Dylan Neuwirth

Dylan Neuwirth

SCREENS, 2018

Dylan Neuwirth

SCREENS, 2018

Aluminum, argon, mercury, glass, copper, 104 transformers, DMX controller, relays, isolator, hardware

SCREENS was commissioned by Bellevue Arts Museum as a new work for the Forum. The Forum space at BAM was designed as a gathering place for the citizens of Bellevue. As such, SCREENS was commissioned as a work that would operate both within and without the Museum, at night and in the gloomy days of a Northwest winter.

The complex interplay of fluorescent tubes of this sculpture is a form of artificial static. In our digital future of man-made ones and zeros, our personal screens have lost access to natural raw static, the faint analogue trace of the immense powers that created the universe billions of years ago. Neuwirth sees this as a loss, since that low buzz of the late-night CRT television screen connected the private and personal to the unimaginable expanses of interstellar space and time.
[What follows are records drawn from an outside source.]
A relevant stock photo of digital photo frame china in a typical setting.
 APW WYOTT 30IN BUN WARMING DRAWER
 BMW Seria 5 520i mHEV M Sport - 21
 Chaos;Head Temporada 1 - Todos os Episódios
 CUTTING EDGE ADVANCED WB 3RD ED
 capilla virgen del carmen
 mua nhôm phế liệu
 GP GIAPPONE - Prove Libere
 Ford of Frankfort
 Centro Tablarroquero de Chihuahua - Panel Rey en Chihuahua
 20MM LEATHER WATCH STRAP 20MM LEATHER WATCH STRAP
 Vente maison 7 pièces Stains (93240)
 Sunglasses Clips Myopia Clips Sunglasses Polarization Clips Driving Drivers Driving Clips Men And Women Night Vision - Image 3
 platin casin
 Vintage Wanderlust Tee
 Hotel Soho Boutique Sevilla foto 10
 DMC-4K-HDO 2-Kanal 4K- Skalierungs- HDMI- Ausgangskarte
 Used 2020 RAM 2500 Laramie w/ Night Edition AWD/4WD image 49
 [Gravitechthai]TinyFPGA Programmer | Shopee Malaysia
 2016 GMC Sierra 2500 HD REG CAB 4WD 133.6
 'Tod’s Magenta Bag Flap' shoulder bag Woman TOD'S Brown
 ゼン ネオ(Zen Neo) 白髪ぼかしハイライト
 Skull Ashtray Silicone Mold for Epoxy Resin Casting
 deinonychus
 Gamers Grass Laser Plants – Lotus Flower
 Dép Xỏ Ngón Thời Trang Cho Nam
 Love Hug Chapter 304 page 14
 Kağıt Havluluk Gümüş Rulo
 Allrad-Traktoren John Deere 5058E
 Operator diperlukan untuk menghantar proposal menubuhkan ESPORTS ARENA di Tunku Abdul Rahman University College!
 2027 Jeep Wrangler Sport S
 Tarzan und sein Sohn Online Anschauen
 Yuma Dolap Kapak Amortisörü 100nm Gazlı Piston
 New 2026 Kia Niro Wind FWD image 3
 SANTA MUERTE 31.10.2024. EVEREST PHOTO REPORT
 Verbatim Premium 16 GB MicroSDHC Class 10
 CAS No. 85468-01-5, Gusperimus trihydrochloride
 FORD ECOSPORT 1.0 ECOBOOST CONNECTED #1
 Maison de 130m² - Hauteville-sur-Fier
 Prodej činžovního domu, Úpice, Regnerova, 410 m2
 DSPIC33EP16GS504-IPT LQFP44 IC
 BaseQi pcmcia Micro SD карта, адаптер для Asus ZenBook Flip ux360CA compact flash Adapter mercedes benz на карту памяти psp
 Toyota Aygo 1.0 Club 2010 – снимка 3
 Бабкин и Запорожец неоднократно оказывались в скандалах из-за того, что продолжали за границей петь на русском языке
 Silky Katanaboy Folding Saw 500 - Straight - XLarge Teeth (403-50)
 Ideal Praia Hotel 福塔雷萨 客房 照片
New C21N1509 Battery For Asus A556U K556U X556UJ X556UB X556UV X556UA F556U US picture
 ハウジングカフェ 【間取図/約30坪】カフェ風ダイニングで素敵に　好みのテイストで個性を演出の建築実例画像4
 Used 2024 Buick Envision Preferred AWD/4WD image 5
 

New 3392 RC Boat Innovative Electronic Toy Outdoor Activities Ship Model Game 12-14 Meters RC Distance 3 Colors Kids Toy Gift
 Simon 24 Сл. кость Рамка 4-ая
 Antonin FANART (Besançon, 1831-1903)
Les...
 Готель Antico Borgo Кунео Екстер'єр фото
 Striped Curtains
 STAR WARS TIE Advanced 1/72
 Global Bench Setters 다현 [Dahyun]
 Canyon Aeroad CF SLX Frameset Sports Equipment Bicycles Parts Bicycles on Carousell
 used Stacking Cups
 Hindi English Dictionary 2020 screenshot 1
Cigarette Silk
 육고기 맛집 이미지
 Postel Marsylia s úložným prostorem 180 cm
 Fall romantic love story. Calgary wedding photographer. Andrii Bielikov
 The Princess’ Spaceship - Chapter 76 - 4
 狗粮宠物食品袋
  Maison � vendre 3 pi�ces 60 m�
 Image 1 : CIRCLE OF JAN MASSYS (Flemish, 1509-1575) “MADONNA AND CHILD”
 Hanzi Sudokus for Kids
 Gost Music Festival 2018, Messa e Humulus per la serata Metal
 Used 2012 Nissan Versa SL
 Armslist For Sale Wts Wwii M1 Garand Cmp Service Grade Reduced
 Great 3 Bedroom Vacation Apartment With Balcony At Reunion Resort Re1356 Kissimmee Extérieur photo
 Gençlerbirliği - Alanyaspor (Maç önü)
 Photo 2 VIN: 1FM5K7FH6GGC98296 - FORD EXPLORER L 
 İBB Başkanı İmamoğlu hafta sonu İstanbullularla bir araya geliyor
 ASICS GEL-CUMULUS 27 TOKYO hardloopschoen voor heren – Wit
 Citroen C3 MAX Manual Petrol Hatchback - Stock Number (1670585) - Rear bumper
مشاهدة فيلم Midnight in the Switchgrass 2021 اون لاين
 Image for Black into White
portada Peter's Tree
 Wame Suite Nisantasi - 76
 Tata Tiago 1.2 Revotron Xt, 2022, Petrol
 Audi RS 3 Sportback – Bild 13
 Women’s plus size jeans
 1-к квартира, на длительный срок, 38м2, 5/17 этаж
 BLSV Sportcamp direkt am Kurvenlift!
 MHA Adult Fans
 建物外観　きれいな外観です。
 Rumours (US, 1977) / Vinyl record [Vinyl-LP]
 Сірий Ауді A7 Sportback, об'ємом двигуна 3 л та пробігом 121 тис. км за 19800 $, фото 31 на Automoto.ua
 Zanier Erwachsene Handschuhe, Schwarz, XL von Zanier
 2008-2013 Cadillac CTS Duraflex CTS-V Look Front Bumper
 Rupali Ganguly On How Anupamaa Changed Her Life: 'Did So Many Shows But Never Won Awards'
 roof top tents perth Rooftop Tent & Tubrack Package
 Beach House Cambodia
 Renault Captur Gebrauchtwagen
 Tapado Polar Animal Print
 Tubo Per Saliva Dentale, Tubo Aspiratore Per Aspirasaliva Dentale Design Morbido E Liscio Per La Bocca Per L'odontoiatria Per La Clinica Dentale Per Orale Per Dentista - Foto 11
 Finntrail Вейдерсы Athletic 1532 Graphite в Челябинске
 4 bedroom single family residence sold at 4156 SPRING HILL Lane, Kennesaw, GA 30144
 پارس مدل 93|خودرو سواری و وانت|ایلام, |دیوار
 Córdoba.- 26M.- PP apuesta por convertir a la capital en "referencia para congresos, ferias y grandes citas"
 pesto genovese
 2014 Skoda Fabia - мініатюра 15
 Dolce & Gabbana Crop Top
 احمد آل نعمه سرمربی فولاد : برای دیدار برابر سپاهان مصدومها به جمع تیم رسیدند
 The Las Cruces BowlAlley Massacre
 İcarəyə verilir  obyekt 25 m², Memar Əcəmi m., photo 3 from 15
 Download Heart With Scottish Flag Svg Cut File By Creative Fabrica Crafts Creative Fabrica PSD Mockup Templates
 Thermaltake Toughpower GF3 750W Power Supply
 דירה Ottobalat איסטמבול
Neuwirth’ s static is man-made, of course, programmed by him and his collaborators. One of the artist’s influences is the 1982 Ridley Scott tech-noir movie, Blade Runner, where Harrison Ford pursues artificial humans through a depopulated Los Angeles of 2019. Like SCREENS, movies are artificial contracts, rather than reality itself, but this sculpture invites you to pause, reflect, and imagine yourself hunting down replicants on the rain-soaked mean streets of downtown Bellevue.  ‘She may not live…but then again, who does?”